LONDON - COSTLIER food will likely reverse progress in the developing world and plunge millions into extreme poverty, British Prime Minister Gordon Brown warned yesterday.

He called for urgent action, including a review of the impact of biofuels on global agriculture.

Speaking ahead of a meeting of United Nations World Food Programme (UNWFP) experts and others here, the British leader said: 'Tackling hunger is a moral challenge to each of us, and it is also a threat to the political and economic stability of nations.'

In Singapore, the Asian Development Bank said there was enough food to go round, and that Asian governments were overreacting.

'The era of cheap food is over,' Mr Rajat Nag, managing director general of the ADB, told reporters at Singapore's Foreign Correspondents Association.

He suggested they use fiscal measures to help the poor instead. 'We want to temper what we think is a bit of an overreaction,' he said. 'There is still enough supply.'

India and Vietnam have limited exports, hoping to tame prices at home - while goading them higher abroad, Mr Nag said.

'Banning of exports is no different from hoarding at a national level.'

His comments echoed recent statements by the International Monetary Fund and the UN which urged countries to ensure there was more money in the hands of the poor to buy food, instead of resorting to protectionist trade barriers.

The UNWFP called the crisis a 'silent tsunami'.

'This is the new face of hunger - the millions of people who were not in the urgent hunger category six months ago, but now are,' executive director Josette Sheeran said.

'The response calls for large-scale, high-level action by the global community, focused on emergency and longer-term solutions,' she said ahead of the meeting.

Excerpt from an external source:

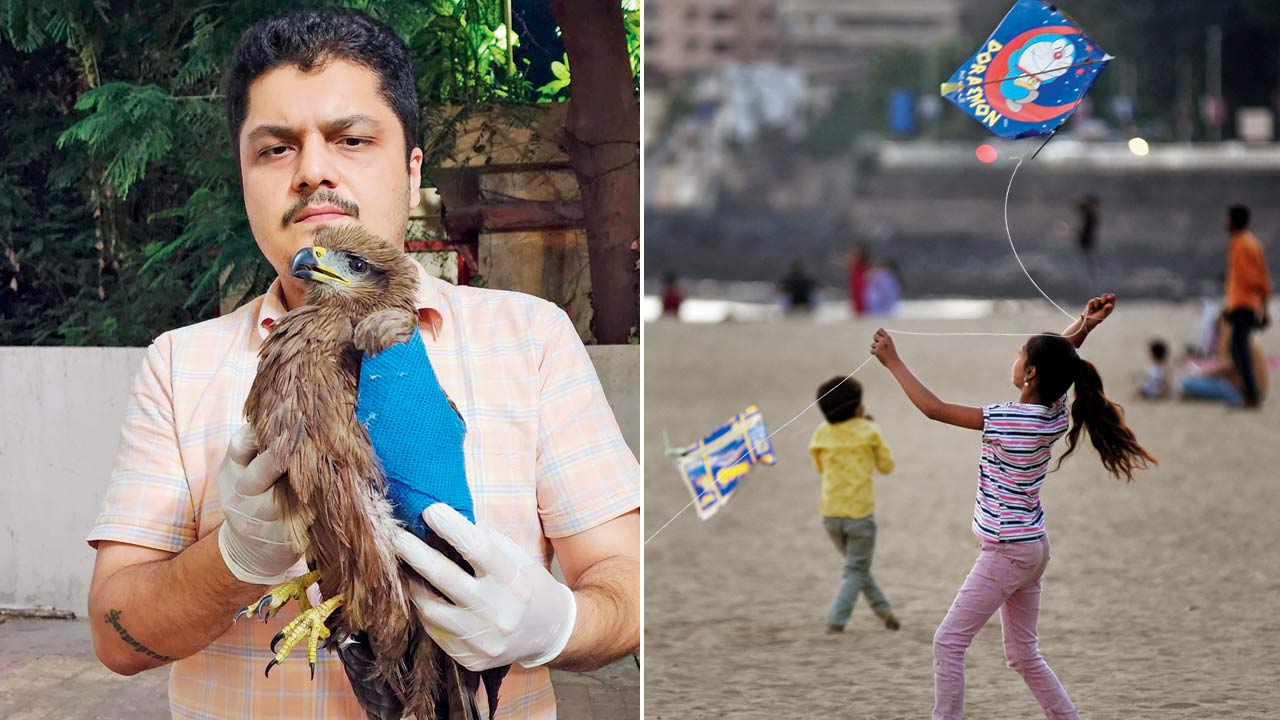 Pawan Sharma nurses an injured Black Kite; (right) A girl flies a kite on Makar Sankranti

Ms Sheeran, who is also addressing British lawmakers in a separate session, has called on 20 heads of government to offer emergency funding to help poorer countries offset the rising costs of producing or importing food.

'What we are seeing now is affecting more people on every continent, destroying even more livelihoods, and the nutrition losses will hurt children for a lifetime,' she said.

Mr Brown said he fears the use of agricultural land to produce biofuels - intended to help tackle climate change - may be a key factor in driving up prices.

'Biofuels, intended to promote energy independence and combat climate change, we now know are frequently energy-inefficient,' he said.

Mr Nag said on Monday that governments should question their use of agricultural subsidies to encourage biofuel production.

'Production of biofuels leads to forests being destroyed and reduces the land area available for growing crops for food,' he said.

Speaking at the UN in New York, Bolivian President Evo Morales said the development of biofuels harmed the world's most impoverished people, the BBC reported.

And President Alan Garcia of Peru said using land for biofuels was putting food out of reach for the poor.

Meanwhile, the European Union yesterday announced another big food aid package for those most vulnerable to soaring food prices. The EU said it would provide a further 117 million euros (S$251.3 million), on top of the 160 million euros announced last month.